It is well known that the dissociation constant corresponding to Kw = [H+][OH] has a value Kw = 10−14 under normal ambient conditions. As temperature increases, KW also increases and can reach values typically 100–1,000 times higher than that associated with water under standard temperature and pressure (Peterson et al. 2008). These augmented values of Kw correspond to increased concentrations of H+ and OH—effectively the solution is simultaneously more acidic and more basic, or more logically—the dissociated species exist simultaneously in equilibrium. This presents the possibility of initiating acid and base type cracking reactions simultaneously.

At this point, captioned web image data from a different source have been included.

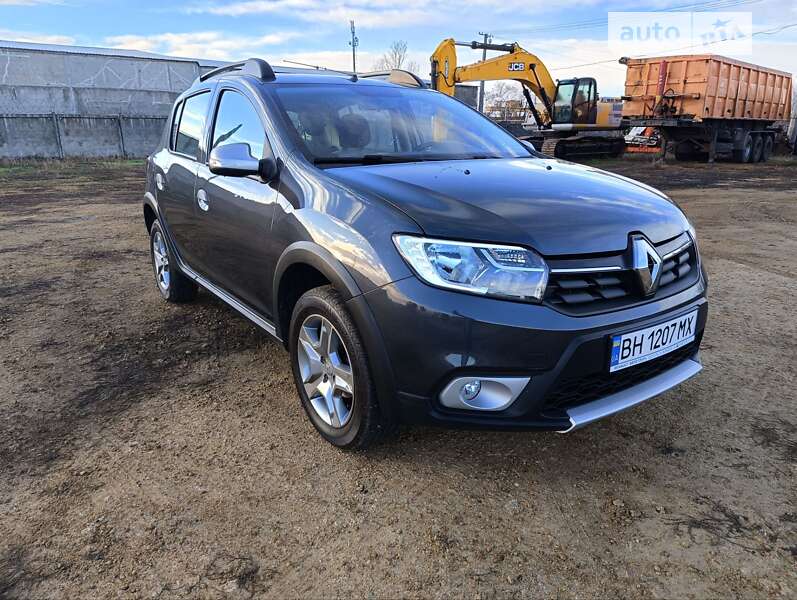 Хэтчбек Renault Sandero StepWay 2018 в Одессе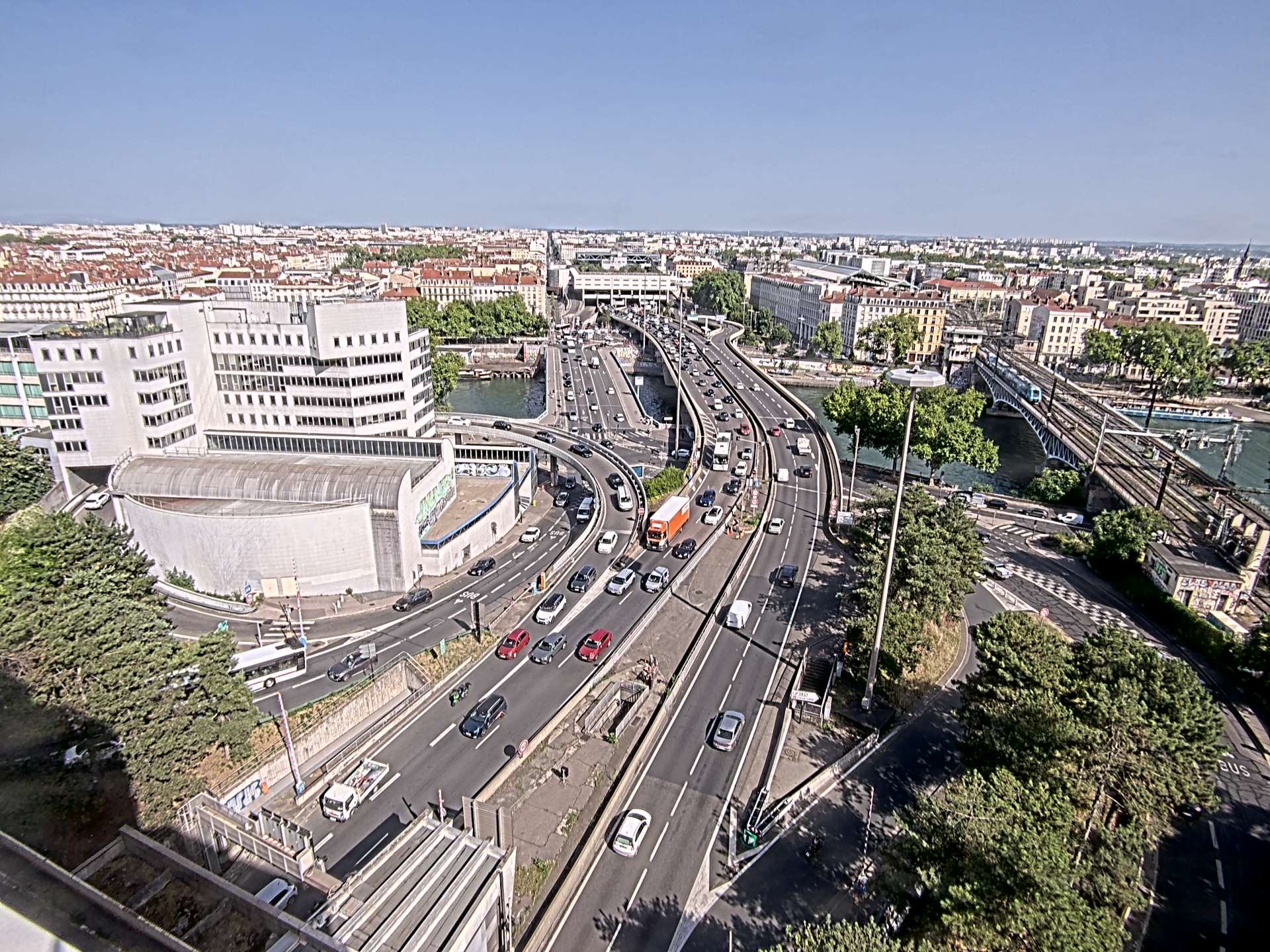 Caméra autoroute à Lyon Perrache à l'entrée Sud du Tunnel sous Fourvière, en direction de Marseille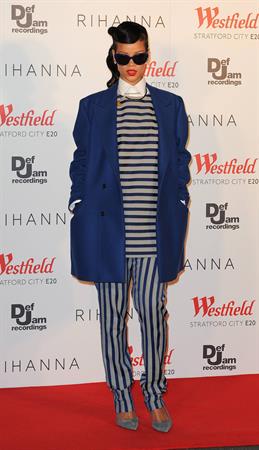Rihanna Westfield Stratford Lights London Switch On (November 19, 2012) 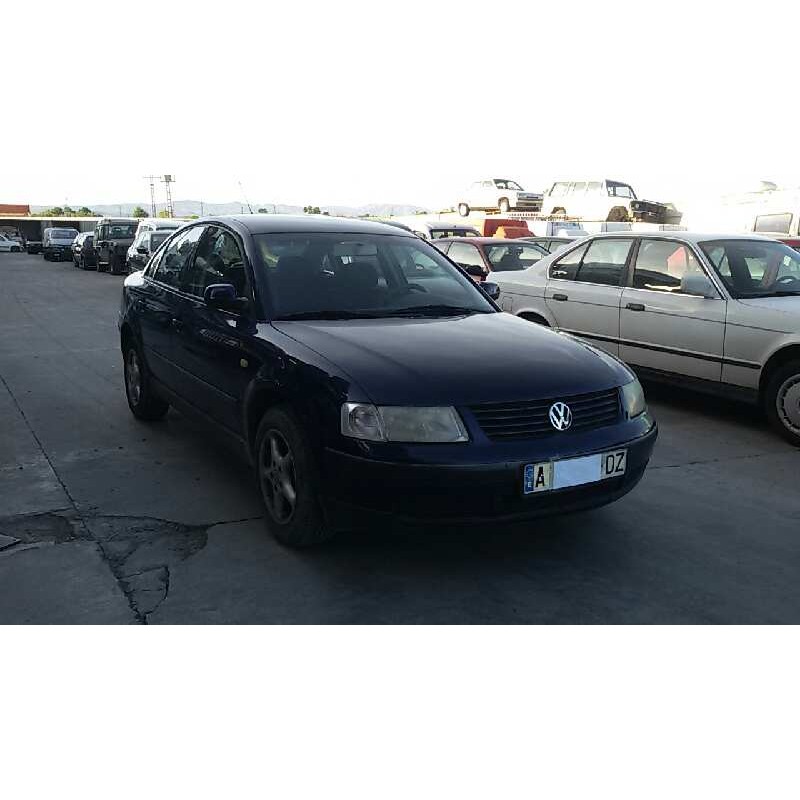 VOLKSWAGEN PASSAT BERLINA (3B2)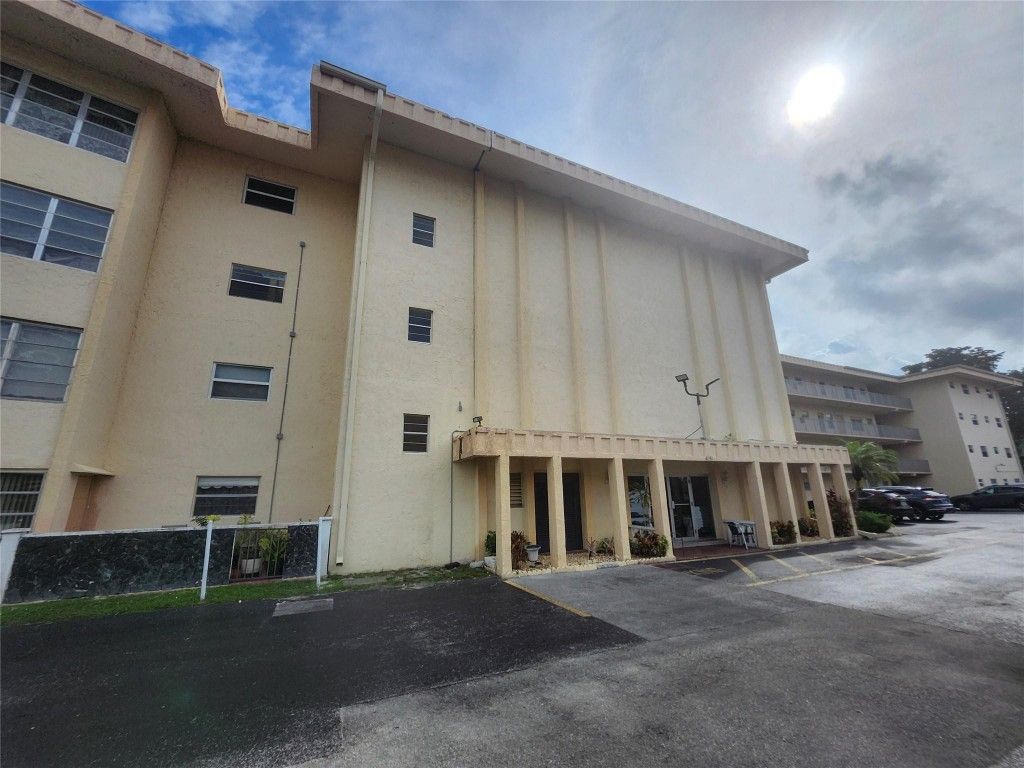 Photo of 4191 NW 41st Street #211, Lauderdale Lakes, FL 33319 (MLS # F10544585)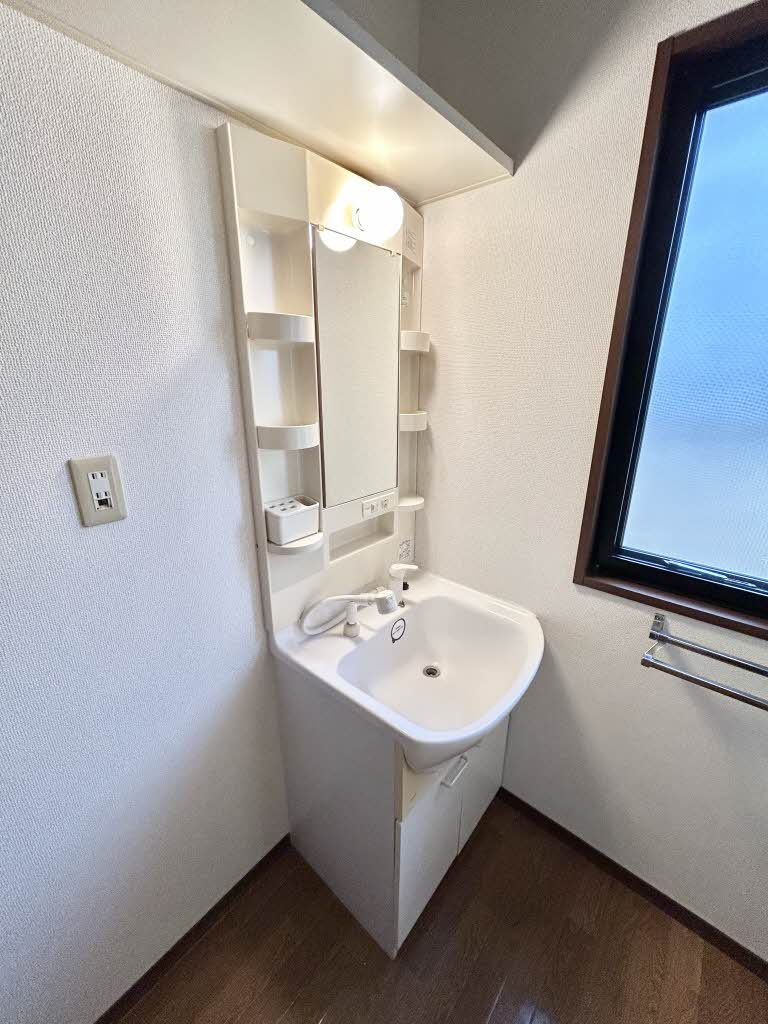 サニーヒルズ　Ｂ棟　＊＊ B0201号-15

Using subcritical water to mobilise heavy oils requires a balance to be found between (1) dissolving the heavy oil component within this novel medium (determined by dielectric constant ε) and (2) cracking it simultaneously by using the enhanced [H+] and [OH], which are present. Although the highest temperature gives the best values of ε for ensuring high oil solubility in water, the best values for acid/base cracking would be somewhat below these temperatures at around 290 °C. At 290 °C, the dielectric constant of water already matches that of acetone. This is sufficiently low to dissolve a substantial component of the heavy oil (HO) while at the same time high enough to stop dissolved salts precipitating out (Kumar and Gupta 2009). If there is simultaneously removal of hydrocarbon components heavy oil (HO) via a cracking mechanism to a light oil (LO) then we can consider the reaction to be

$$ {\text{HO}}_{{\left( {\text{l}} \right)}} \Leftrightarrow {\text{HO}}_{{({\text{aq}})}} \mathop{\longrightarrow}\limits^{{[ {{\text{H}}^{ + } }] + [{\text{OH}}^{-}]}} {\text{LO}}_{{({\text{aq}})}} \Leftrightarrow {\text{LO}}_{{({\text{l}})}} $$
(2)

The subscripts refer, respectively, to the hydrocarbon components present as pure water-insoluble liquid as found at ambient conditions (l), or dissolved in water under subcritical conditions (aq). [H+] and [OH] are the concentrations of hydrogen and hydroxide ions arising from dissociation of water as in Eq. 1. In general, heavy organics (containing polyaromatics) will be more soluble than light cracked components. Thus, the light components will form separate phases from water more easily. As the more soluble heavy oils are cracked, then more heavy oil dissolves. Thus, it is not necessary to operate at p, T levels where the dielectric constants are at the low level of pentane solubility. Operation at a substantially subcritical “acetone” level is sufficient. This is important for maximising water dissociation.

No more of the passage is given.